Ed invece da oltre 50 giorni, abbiamo la guerra nel cuore dell’Europa, così tanto vicina a noi che quasi sentiamo il suono delle bombe e l’odore della morte.
Ma ciò che sentiamo forte è l’angoscia di sapere che il popolo ucraino “una mattina, si è svegliato, e ha trovato l’invasor”. Un invasore spietato, che sta facendo scorrere fiumi di sangue e sta riaprendo la ferita che avevamo chiuso nei libri di storia con l’aiuto delle parole “democrazia” e “libertà”.

Democrazia e libertà violate, annientate, strappate via ad un popolo libero e democratico, che però non si è arreso di fronte alla prepotenza, e ha praticato il coraggio di affrontare l’invasione russa, tra paura e determinazione, nella libertà stretta a sé, di decidere se vivere o morire.
Un orrore che si ripete. Le bombe, i rifugi, la violenza, la paura, la morte, la distruzione, le urla, il dolore, le richieste di aiuto, il terrore, gli occhi che non si chiudono per paura di non vedere un nuovo giorno.
E quelle parole “mai più” sembrano volate via, nel vento di una primavera rossa di sangue e dittature che fanno ritorno e che offendono una società e i suoi valori, che con prepotenza calpestano diritti, dignità e libertà di essere umani, che è il popolo ucraino.

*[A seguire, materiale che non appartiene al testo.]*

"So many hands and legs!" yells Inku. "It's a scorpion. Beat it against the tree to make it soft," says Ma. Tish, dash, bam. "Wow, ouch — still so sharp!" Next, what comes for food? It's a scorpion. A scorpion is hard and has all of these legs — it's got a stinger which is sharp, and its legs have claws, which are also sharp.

La loro Liberazione che sembra così lontana e la parola pace che sembra non avere più suono tanto da migrare da cuore ad orecchio, da orecchio a coscienza.
E poi le polemiche, così tante, spesso così vicine ad ognuno di noi, che mettono in dubbio i motivi circa i quali il popolo ucraino sta combattendo e il perché non si voglia arrendere al nemico, alla dittatura, alla violenza e alla prepotenza, che – se ci si pensa bene – è rivolta anche alla nostra di società e ai nostri di valori, mentre si avverte come fiato sul collo il pericolo di veder indebolire le nostre democrazie, già fragili anche senza guerra.

Se la nostra di liberazione è avvenuta dopo la difesa con le armi e con la resistenza verso il nemico, perché il popolo ucraino dovrebbe arrendersi?
Dovrebbe essere un 25 aprile di solidarietà, espressa e praticata, forte e coesa, verso quel popolo che è divenuto martire in nome di una libertà che vale così tanto, che pesa così tanto, che vale più di una sopravvivenza sotto il peso di una dittatura.

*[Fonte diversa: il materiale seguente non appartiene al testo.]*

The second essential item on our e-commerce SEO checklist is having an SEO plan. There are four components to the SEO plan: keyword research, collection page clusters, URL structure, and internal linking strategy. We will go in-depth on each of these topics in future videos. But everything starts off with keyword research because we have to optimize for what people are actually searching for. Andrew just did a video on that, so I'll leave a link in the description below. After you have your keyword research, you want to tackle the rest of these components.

(Che si pensi poi a come qui da noi si sopravvive a forme di dittatura indiretta come la mafia, e contro la quale bisognerebbe lottare e resistere, per potersene liberare).

E mi viene da pensare a tutti coloro che stanno criticando “la resistenza” del popolo ucraino, e domani però sventoleranno la bandiera della Liberazione e canteranno Bella Ciao.
Penso agli esponenti di destra, sempre vicini a Putin, ai filoputin – intellettuali, parlamentari, imprenditori che in passato o più recentemente hanno sottolineato meriti e qualità del presidente russo –  ed anche a giornalisti che per giorni hanno scritto contro il fare decisionale dell’Ucraina e che domani titoleranno a gran voce circa il significato del 25 aprile. Che ci si astenga, almeno dalle commemorazione, dagli inchini alla bandiera, dalla mano sul petto.

… e questo è il fiore del partigiano, morto per la libertà.